Task objective: Every line of the data below should be written out word for word.

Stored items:
»»

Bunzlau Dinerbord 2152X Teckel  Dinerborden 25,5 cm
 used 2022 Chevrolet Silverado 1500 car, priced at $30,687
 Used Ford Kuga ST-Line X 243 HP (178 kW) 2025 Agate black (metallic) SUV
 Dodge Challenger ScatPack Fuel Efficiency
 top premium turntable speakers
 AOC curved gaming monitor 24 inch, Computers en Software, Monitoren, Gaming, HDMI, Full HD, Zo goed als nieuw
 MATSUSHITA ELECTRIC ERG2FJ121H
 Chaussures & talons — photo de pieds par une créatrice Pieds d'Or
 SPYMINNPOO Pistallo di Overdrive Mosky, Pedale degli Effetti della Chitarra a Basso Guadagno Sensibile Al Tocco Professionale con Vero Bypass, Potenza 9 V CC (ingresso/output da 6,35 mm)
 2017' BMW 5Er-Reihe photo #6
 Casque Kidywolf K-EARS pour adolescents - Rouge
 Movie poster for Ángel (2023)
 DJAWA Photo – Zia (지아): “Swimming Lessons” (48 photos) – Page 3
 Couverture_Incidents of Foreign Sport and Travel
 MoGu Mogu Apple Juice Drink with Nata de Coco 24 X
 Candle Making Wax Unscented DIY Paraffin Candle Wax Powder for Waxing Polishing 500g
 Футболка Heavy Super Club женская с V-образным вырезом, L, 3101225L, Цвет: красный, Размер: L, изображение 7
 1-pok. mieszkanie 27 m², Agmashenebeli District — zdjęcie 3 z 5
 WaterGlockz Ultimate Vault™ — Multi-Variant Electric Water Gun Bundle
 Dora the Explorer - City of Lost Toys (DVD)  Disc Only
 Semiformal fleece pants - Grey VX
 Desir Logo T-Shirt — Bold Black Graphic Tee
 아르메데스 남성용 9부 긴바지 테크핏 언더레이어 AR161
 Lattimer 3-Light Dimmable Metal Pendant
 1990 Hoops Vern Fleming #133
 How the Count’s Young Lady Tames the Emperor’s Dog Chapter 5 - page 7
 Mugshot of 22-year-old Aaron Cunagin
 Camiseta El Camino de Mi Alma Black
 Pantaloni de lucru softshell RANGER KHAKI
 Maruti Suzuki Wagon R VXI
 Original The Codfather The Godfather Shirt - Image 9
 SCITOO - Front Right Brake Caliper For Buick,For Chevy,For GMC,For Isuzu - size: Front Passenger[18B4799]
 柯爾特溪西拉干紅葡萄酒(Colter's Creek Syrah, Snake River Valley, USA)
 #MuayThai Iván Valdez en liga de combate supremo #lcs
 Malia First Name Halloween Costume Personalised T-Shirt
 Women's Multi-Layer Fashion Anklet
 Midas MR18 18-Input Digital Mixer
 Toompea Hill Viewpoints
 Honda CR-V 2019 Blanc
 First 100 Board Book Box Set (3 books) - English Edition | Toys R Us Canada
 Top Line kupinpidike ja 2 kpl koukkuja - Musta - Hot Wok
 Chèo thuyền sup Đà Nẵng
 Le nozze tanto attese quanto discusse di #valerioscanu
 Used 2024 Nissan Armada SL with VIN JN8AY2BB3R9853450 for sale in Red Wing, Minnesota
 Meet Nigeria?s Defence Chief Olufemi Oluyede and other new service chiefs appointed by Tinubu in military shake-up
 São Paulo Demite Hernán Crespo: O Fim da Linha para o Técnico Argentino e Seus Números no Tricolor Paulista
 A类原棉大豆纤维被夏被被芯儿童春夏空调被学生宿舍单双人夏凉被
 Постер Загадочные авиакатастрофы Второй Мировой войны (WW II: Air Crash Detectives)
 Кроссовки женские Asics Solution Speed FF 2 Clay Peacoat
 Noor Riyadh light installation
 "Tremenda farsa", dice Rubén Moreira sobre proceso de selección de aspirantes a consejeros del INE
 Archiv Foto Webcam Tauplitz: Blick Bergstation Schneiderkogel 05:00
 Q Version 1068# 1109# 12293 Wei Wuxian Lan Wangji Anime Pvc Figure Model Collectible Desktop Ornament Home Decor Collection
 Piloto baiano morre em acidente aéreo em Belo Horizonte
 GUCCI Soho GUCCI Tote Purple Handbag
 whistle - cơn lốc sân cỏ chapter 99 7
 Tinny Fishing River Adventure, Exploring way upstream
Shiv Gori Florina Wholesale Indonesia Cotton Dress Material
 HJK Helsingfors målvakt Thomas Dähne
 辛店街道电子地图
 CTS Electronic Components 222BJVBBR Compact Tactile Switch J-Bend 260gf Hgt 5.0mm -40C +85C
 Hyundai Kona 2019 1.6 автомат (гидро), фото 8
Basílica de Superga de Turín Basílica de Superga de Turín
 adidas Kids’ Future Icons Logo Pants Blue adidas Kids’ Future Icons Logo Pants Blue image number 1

««

Your solution:
Bunzlau Dinerbord 2152X Teckel  Dinerborden 25,5 cm
 used 2022 Chevrolet Silverado 1500 car, priced at $30,687
 Used Ford Kuga ST-Line X 243 HP (178 kW) 2025 Agate black (metallic) SUV
 Dodge Challenger ScatPack Fuel Efficiency
 top premium turntable speakers
 AOC curved gaming monitor 24 inch, Computers en Software, Monitoren, Gaming, HDMI, Full HD, Zo goed als nieuw
 MATSUSHITA ELECTRIC ERG2FJ121H
 Chaussures & talons — photo de pieds par une créatrice Pieds d'Or
 SPYMINNPOO Pistallo di Overdrive Mosky, Pedale degli Effetti della Chitarra a Basso Guadagno Sensibile Al Tocco Professionale con Vero Bypass, Potenza 9 V CC (ingresso/output da 6,35 mm)
 2017' BMW 5Er-Reihe photo #6
 Casque Kidywolf K-EARS pour adolescents - Rouge
 Movie poster for Ángel (2023)
 DJAWA Photo – Zia (지아): “Swimming Lessons” (48 photos) – Page 3
 Couverture_Incidents of Foreign Sport and Travel
 MoGu Mogu Apple Juice Drink with Nata de Coco 24 X
 Candle Making Wax Unscented DIY Paraffin Candle Wax Powder for Waxing Polishing 500g
 Футболка Heavy Super Club женская с V-образным вырезом, L, 3101225L, Цвет: красный, Размер: L, изображение 7
 1-pok. mieszkanie 27 m², Agmashenebeli District — zdjęcie 3 z 5
 WaterGlockz Ultimate Vault™ — Multi-Variant Electric Water Gun Bundle
 Dora the Explorer - City of Lost Toys (DVD)  Disc Only
 Semiformal fleece pants - Grey VX
 Desir Logo T-Shirt — Bold Black Graphic Tee
 아르메데스 남성용 9부 긴바지 테크핏 언더레이어 AR161
 Lattimer 3-Light Dimmable Metal Pendant
 1990 Hoops Vern Fleming #133
 How the Count’s Young Lady Tames the Emperor’s Dog Chapter 5 - page 7
 Mugshot of 22-year-old Aaron Cunagin
 Camiseta El Camino de Mi Alma Black
 Pantaloni de lucru softshell RANGER KHAKI
 Maruti Suzuki Wagon R VXI
 Original The Codfather The Godfather Shirt - Image 9
 SCITOO - Front Right Brake Caliper For Buick,For Chevy,For GMC,For Isuzu - size: Front Passenger[18B4799]
 柯爾特溪西拉干紅葡萄酒(Colter's Creek Syrah, Snake River Valley, USA)
 #MuayThai Iván Valdez en liga de combate supremo #lcs
 Malia First Name Halloween Costume Personalised T-Shirt
 Women's Multi-Layer Fashion Anklet
 Midas MR18 18-Input Digital Mixer
 Toompea Hill Viewpoints
 Honda CR-V 2019 Blanc
 First 100 Board Book Box Set (3 books) - English Edition | Toys R Us Canada
 Top Line kupinpidike ja 2 kpl koukkuja - Musta - Hot Wok
 Chèo thuyền sup Đà Nẵng
 Le nozze tanto attese quanto discusse di #valerioscanu
 Used 2024 Nissan Armada SL with VIN JN8AY2BB3R9853450 for sale in Red Wing, Minnesota
 Meet Nigeria?s Defence Chief Olufemi Oluyede and other new service chiefs appointed by Tinubu in military shake-up
 São Paulo Demite Hernán Crespo: O Fim da Linha para o Técnico Argentino e Seus Números no Tricolor Paulista
 A类原棉大豆纤维被夏被被芯儿童春夏空调被学生宿舍单双人夏凉被
 Постер Загадочные авиакатастрофы Второй Мировой войны (WW II: Air Crash Detectives)
 Кроссовки женские Asics Solution Speed FF 2 Clay Peacoat
 Noor Riyadh light installation
 "Tremenda farsa", dice Rubén Moreira sobre proceso de selección de aspirantes a consejeros del INE
 Archiv Foto Webcam Tauplitz: Blick Bergstation Schneiderkogel 05:00
 Q Version 1068# 1109# 12293 Wei Wuxian Lan Wangji Anime Pvc Figure Model Collectible Desktop Ornament Home Decor Collection
 Piloto baiano morre em acidente aéreo em Belo Horizonte
 GUCCI Soho GUCCI Tote Purple Handbag
 whistle - cơn lốc sân cỏ chapter 99 7
 Tinny Fishing River Adventure, Exploring way upstream
Shiv Gori Florina Wholesale Indonesia Cotton Dress Material
 HJK Helsingfors målvakt Thomas Dähne
 辛店街道电子地图
 CTS Electronic Components 222BJVBBR Compact Tactile Switch J-Bend 260gf Hgt 5.0mm -40C +85C
 Hyundai Kona 2019 1.6 автомат (гидро), фото 8
Basílica de Superga de Turín Basílica de Superga de Turín
 adidas Kids’ Future Icons Logo Pants Blue adidas Kids’ Future Icons Logo Pants Blue image number 1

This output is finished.